Decisão Texto Integral:

            Acordam no Tribunal da Relação de Coimbra

“A... , L.da”, já identificada nos autos, veio efectuar a comunicação de que, nos termos e para os efeitos do disposto no artigo 17.º-C, n.º 3, al.s a) e b), do CIRE, na redacção que lhe foi dada pela Lei n.º 16/2012, de 20/4, pretendia dar início às negociações conducentes à sua recuperação através do procedimento especial de revitalização, juntando os documentos que acompanham tal requerimento, sugerindo a pessoa que poderia desempenhar o cargo de Administrador Provisório.

            Cf. despacho de fl.s 265, proferido em 13 de Novembro de 2014, foi declarado como validamente iniciado o processo especial de revitalização da requerente e nomeado como administrador judicial provisório o que a mesma havia indicado.

            Ordenou-se, ainda, a notificação dos requerentes, da credora, do administrador provisório, nos termos do disposto nos artigos 17.º-C, n.º 4 e 17.º-D, n.º 1 do CIRE e do MP, nos termos dos artigos 17.º-C, n.º 4 e 37.º, n.º 2 do CIRE.

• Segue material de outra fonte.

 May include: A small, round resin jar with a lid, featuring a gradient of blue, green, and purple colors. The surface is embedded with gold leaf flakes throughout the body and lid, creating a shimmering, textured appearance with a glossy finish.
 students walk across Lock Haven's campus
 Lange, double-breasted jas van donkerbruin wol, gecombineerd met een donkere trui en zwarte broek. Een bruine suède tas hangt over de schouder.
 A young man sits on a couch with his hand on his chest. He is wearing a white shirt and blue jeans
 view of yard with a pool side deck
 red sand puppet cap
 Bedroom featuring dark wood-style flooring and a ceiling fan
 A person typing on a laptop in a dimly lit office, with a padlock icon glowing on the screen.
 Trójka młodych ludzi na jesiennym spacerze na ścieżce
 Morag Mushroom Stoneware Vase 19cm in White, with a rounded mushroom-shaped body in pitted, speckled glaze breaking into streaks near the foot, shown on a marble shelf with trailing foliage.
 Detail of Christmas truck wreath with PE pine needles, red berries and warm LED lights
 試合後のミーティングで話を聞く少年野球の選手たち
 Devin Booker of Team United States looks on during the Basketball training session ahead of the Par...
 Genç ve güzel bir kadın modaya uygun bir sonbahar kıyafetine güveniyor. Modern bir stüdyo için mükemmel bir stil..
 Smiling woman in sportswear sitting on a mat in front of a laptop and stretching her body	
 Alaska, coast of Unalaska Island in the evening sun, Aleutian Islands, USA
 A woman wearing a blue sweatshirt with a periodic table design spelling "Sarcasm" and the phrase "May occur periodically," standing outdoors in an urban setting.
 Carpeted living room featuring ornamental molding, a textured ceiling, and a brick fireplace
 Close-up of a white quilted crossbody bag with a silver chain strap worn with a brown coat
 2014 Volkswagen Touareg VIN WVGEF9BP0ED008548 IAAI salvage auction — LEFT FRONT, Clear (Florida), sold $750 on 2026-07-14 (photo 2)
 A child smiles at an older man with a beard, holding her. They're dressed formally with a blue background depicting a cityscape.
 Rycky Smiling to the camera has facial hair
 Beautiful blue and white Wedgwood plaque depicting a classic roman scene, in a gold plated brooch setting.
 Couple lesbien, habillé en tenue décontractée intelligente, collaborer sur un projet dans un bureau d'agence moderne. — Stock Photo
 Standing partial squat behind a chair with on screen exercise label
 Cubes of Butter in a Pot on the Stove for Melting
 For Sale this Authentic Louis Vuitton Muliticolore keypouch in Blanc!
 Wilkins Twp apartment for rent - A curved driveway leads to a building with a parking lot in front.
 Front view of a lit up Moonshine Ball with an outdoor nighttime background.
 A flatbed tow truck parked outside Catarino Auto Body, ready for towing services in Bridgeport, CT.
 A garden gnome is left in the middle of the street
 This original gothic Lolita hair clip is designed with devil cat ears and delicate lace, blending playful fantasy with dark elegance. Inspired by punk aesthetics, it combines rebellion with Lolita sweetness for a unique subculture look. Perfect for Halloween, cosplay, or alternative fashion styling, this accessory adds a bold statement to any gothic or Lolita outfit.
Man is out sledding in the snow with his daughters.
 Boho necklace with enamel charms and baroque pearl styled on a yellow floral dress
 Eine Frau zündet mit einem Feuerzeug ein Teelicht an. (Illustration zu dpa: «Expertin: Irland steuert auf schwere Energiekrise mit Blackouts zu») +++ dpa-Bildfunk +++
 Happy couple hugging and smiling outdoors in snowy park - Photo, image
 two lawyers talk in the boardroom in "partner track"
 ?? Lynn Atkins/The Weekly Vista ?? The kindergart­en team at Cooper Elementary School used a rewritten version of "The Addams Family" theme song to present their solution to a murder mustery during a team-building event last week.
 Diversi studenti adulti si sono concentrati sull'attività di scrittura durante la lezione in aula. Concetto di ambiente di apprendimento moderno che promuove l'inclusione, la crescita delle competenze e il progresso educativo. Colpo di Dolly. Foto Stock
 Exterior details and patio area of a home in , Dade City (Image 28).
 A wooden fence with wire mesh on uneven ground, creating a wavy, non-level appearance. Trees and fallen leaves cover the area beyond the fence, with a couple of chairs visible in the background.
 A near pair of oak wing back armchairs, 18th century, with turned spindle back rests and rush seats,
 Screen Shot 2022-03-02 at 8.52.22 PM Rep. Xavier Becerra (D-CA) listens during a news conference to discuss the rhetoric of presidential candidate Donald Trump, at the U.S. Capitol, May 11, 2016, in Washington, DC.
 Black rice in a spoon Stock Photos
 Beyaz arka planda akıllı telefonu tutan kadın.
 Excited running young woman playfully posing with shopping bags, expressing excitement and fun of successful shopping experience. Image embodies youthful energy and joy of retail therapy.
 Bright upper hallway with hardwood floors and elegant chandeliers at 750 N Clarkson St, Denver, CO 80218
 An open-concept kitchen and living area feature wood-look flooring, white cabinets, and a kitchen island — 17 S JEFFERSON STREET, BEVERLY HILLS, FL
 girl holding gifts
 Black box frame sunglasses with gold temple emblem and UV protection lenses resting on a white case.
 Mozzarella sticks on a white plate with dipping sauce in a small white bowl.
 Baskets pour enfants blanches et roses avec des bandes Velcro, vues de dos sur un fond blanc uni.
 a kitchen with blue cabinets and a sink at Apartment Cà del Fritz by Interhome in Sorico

            Determinou-se, também, a publicação do despacho no portal Citius e a comunicação à conservatória de registo civil, para registo e a inscrição no registo informático de execuções e na página informática do tribunal, cf. artigos 37.º e 38.º do CIRE.

            Posteriormente, cf. fl.s 318 a 340, em 26 de Dezembro de 2014, o Administrador Provisório apresentou a Lista Provisória de Créditos, a que se refere o artigo 17.º-D do CIRE, indicando os 124 credores nela identificados.

            Esta lista foi publicada no Portal Citius em 30 de Dezembro de 2014, cf. fl.s 341 e 342.

            Cf. requerimento de fl.s 361, entrado em juízo no dia 05 de Março de 2015, a requerente veio solicitar do prazo para concluir as negociações já encetadas, por um período não inferior a 30 dias, nos termos do disposto no artigo 17.º-D, n.º 5 do CIRE.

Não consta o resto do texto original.